# TASK STATEMENT:
Report every line of the material that contains the string "Supreme".

[[ RAW DATA open ]]

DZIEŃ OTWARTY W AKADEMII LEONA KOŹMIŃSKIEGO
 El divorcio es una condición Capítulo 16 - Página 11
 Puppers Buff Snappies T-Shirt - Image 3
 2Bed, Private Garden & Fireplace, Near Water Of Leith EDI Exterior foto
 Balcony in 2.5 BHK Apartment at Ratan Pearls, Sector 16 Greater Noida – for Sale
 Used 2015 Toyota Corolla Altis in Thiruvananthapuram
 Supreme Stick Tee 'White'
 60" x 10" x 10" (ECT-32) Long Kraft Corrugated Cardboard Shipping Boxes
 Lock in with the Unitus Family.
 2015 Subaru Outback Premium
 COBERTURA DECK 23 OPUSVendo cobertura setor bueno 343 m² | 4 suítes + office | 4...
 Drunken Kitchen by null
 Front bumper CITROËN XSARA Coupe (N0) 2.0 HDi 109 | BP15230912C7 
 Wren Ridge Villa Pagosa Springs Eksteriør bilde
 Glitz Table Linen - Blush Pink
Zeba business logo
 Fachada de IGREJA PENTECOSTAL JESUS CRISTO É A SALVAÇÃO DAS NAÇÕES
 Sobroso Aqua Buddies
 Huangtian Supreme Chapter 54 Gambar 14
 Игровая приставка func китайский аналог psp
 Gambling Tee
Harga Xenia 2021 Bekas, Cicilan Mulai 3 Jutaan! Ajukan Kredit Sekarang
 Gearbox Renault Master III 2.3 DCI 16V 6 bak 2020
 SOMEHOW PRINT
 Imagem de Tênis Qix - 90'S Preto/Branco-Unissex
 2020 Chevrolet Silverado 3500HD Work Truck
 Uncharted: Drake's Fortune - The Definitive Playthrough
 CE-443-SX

[[ RAW DATA closed ]]

# WRITTEN REPLY:
 Supreme Stick Tee 'White'
 Huangtian Supreme Chapter 54 Gambar 14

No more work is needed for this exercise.